Oracle Spatial Mapping and Map Rendering Performance Tips

Comment: This article was written about 10 years ago. Most of what is written is still relevant though the comments about disk usage and access do not apply if SSD is being used.

Introduction

There are lots of things one can do to improve performance in mapping environments because of a lot of the visualisation is based on “background” or read-only data.

Here are 10 “tips” that I find useful:

1. Spatially sort read-only data.

This tip makes sure that data that is close to each other in space are next to each other on disk! Dan gave a good suggestion when he referenced Chapter 14, “Reorganize the Table Data to Minimize I/O” pp 580- 582, Pro Oracle Spatial. But just as easily one can create a table as SELECT… WHERE SDO_FILTER() where the filtering object is an optimized rectangle across the whole of the dataset. (This is quite quick on 10g and above but much slower on earlier releases.)

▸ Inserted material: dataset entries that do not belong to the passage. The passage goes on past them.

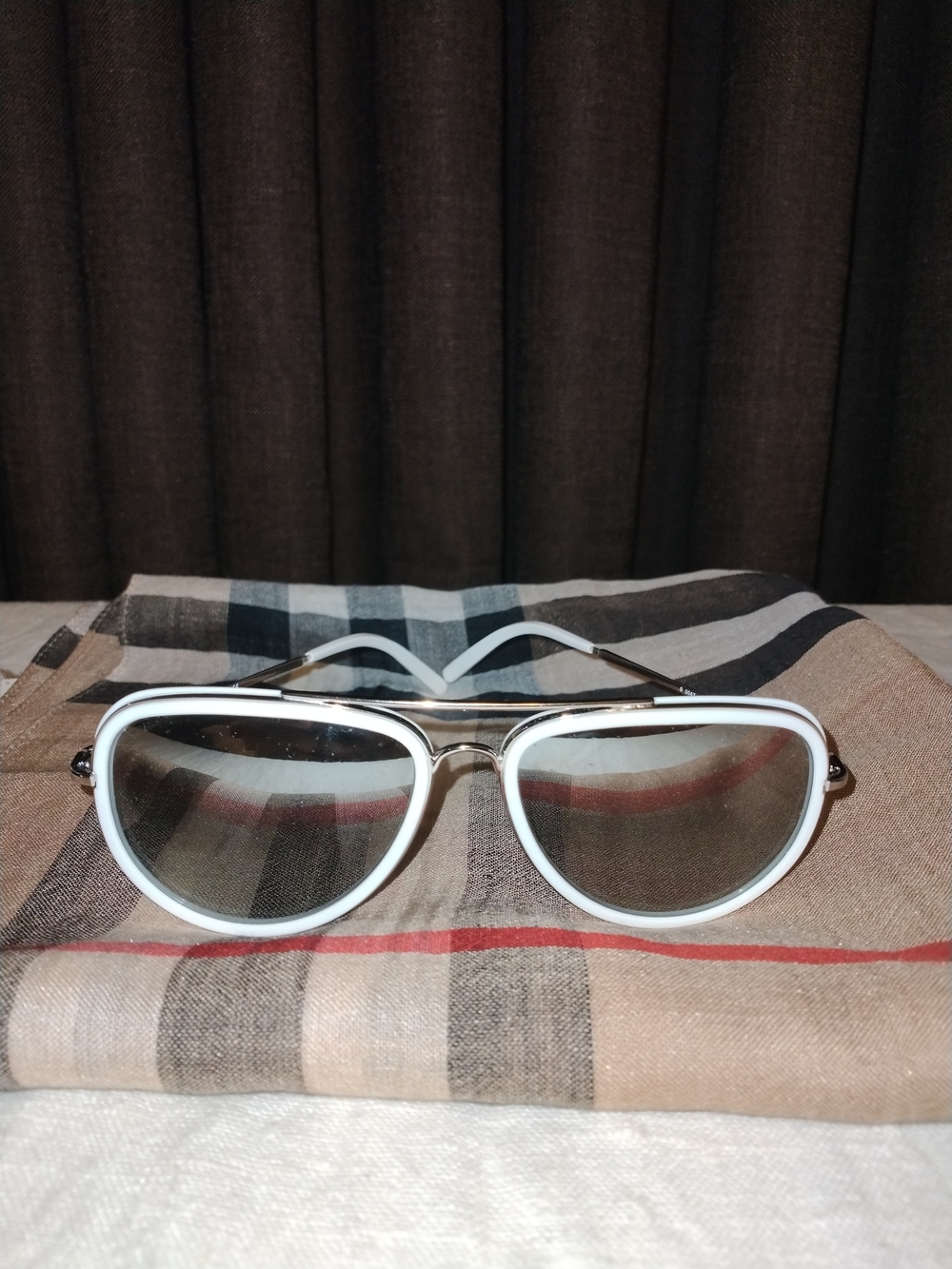 Burberry Aviator White Sunglasses with Silver Accents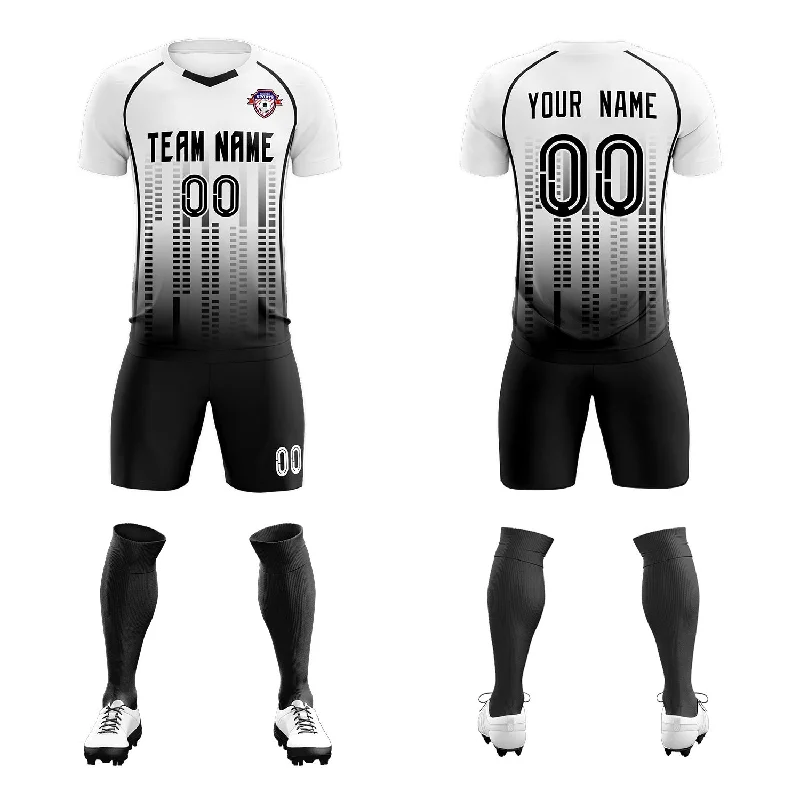 Football Jersey With Relaxed Fit-Custom White Black Printing Outdoor Tracksuit Soccer Sets Jersey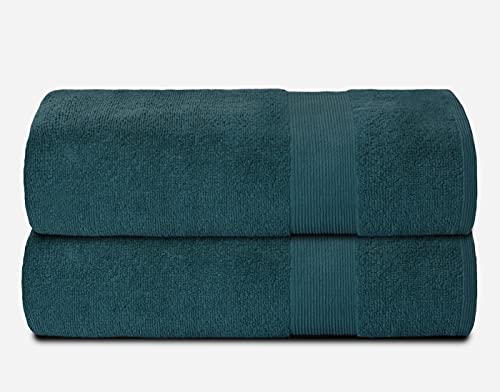 Belizzi Home Premium Cotton Bath Sheets - Ultra Soft, Absorbent & Chemical-Free - 2 Pack, Teal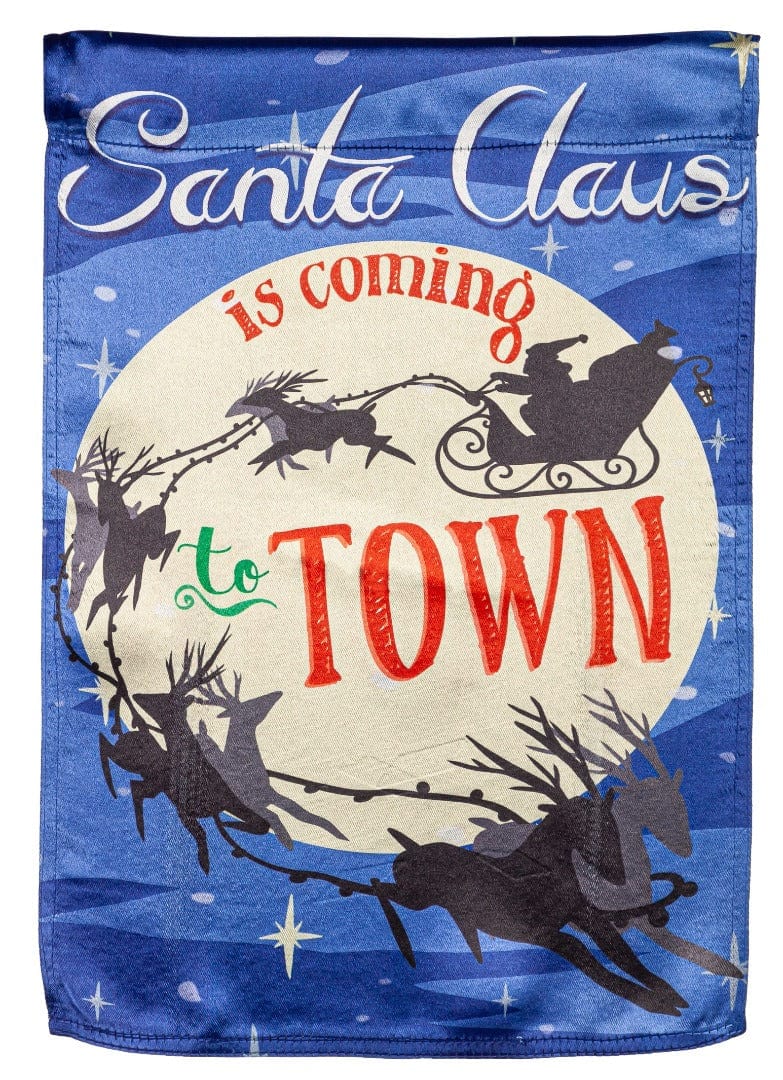 Santa Is Coming To Town Christmas Garden Flag 2 Sided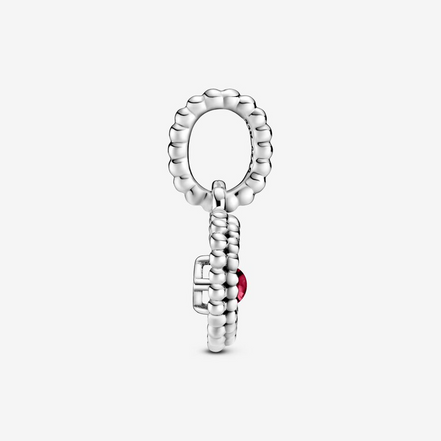 Pandora Moments January Dark Red Beaded Heart Dangle Charm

There are many methods for doing this, I suggest you consider using a Morton space key based sort – ORDER BY Morton(gx,yy) a per the article Spatial Sorting of Data via Morton Key.

2. Generalise data

2.1. Simplification

Rendering spatial data can be expensive where the data is geometrically detailed (many vertices) esp where the data is being visualised at smaller scales than it was captured at. So, if your “zoom thresholds” allow 1:10,000 data to be used at 1:100,000 then you are going to have problems. Consider pre-generalising the data (see sdo_util.simplify) before deployment. You can add multiple columns to your base table to hold this data. Be careful with polygon data because generalising polygons that share boundaries will create gaps etc as the data is more generalised. Often it is better to export the data to a GIS which can maintain the boundary relationships when generalising (say via topological relationships).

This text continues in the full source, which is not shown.